**TO DO**
Leaving out the pictures, please reproduce exactly and only the lines from the one that contains "arturo-paglia" through the last line below.

═══ RECORDS FOR THIS TASK

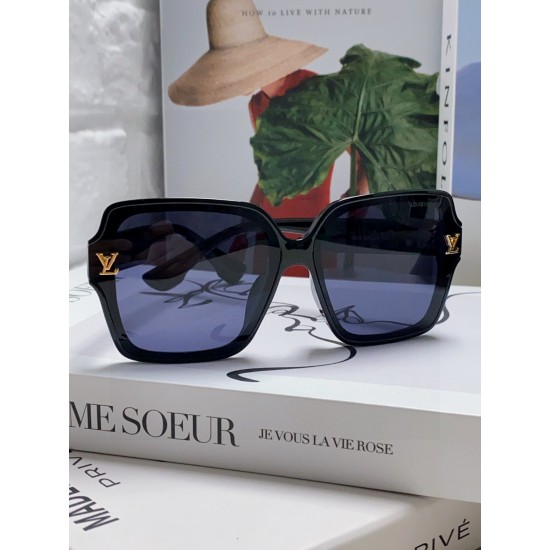 LV SUNGLASSES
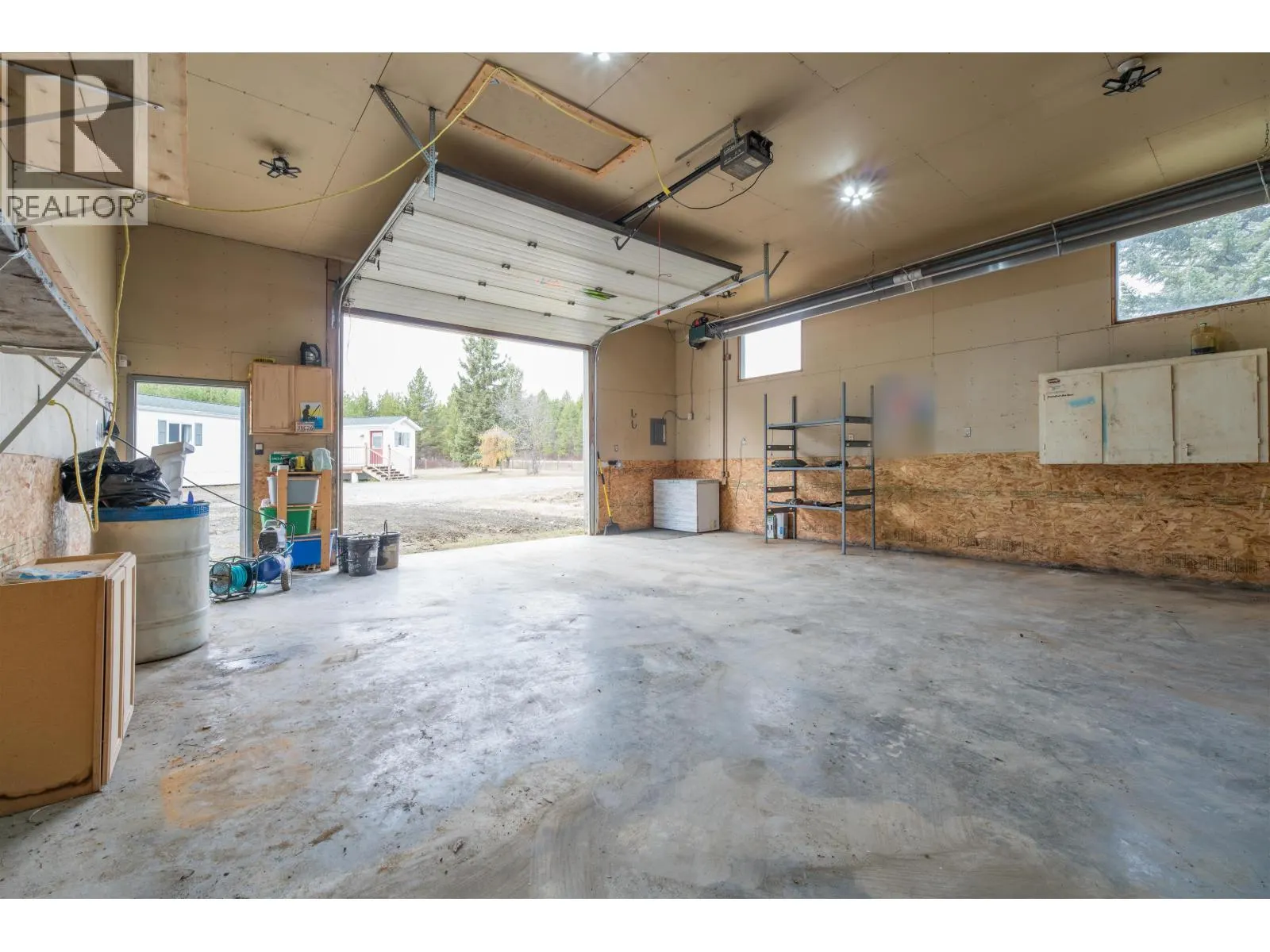 2695 MUERMANN ROAD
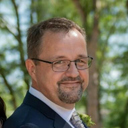 Mario Stahlberg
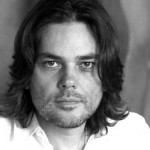 arturo-paglia
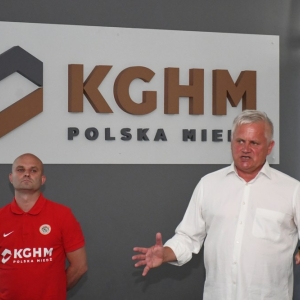 akademia-zl-fot-zjak49.jpg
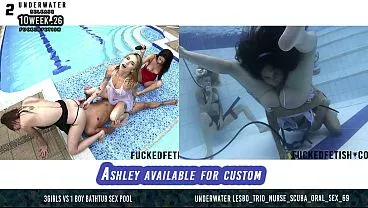 Compilation week 10 skinny girls bathtub Helen Star wet look Yessica Bunny babydoll outdoors sexy Ashley Rose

══════

**RESPONSE TO THIS EXERCISE**
 arturo-paglia
 akademia-zl-fot-zjak49.jpg
 Compilation week 10 skinny girls bathtub Helen Star wet look Yessica Bunny babydoll outdoors sexy Ashley Rose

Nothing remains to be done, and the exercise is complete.